I think this is caused by the fact that we didn't consider that there would be duplications in the dict.

messense commented 4 years ago

cc @MnO2

MnO2 commented 4 years ago

ok, I can have a look.

messense commented 4 years ago

@MnO2

https://github.com/messense/jieba-rs/blob/4fd483c0580528734e01328862d3475f98fb834e/src/lib.rs#L251-L256

For with_dict method, this line of code in the load_dict method:

https://github.com/messense/jieba-rs/blob/4fd483c0580528734e01328862d3475f98fb834e/src/lib.rs#L313

will always return None since self.cedar isn't built yet:

https://github.com/messense/jieba-rs/blob/4fd483c0580528734e01328862d3475f98fb834e/src/lib.rs#L333-L334

MnO2 commented 4 years ago

It is related to how we expect the load_dict should be called, and its semantic.

If you call load_dict and call it again, exact_match_search shouldn't always return None.

Since the method is public, the method could be called again and again. Then there are a few approaches we could choose.

  1. Merge the dictionaries, and resolve the conflict by choosing the frequencies appear in the dictionary called later.
  2. Merge the dictionaries, but resort to other conflict resolution.
  3. Throw everything from the previous dictionaries away and use everything in the last call.

For the code we have right now it is 1, though from a brief overlook I couldn't figure out why it causes panic, and why your PR by applying self.cedar.update(word, word_id); in the for loop has fixed the issue. Since update should already be covered by build in cedarwood, which is basically a for loop for update.

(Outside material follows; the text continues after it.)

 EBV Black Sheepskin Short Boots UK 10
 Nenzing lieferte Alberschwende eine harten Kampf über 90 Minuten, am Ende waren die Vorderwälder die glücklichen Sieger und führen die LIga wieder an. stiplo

/// Build the double array trie from the given key value pairs
    #[allow(dead_code)]
    pub fn build(&mut self, key_values: &[(&str, i32)]) {
        for (key, value) in key_values {
            self.update(key, *value);
        }
    }

I guess there might be hidden bugs in cedarwood, I need to spend more time on it, but in the meantime I am good with the PR though I am not exactly sure why it fixed the panic,

MnO2 commented 4 years ago

https://github.com/MnO2/cedarwood/commit/858e9033395ad0cb5aa86347958cb7626c4446d4 This commit should fix the issue.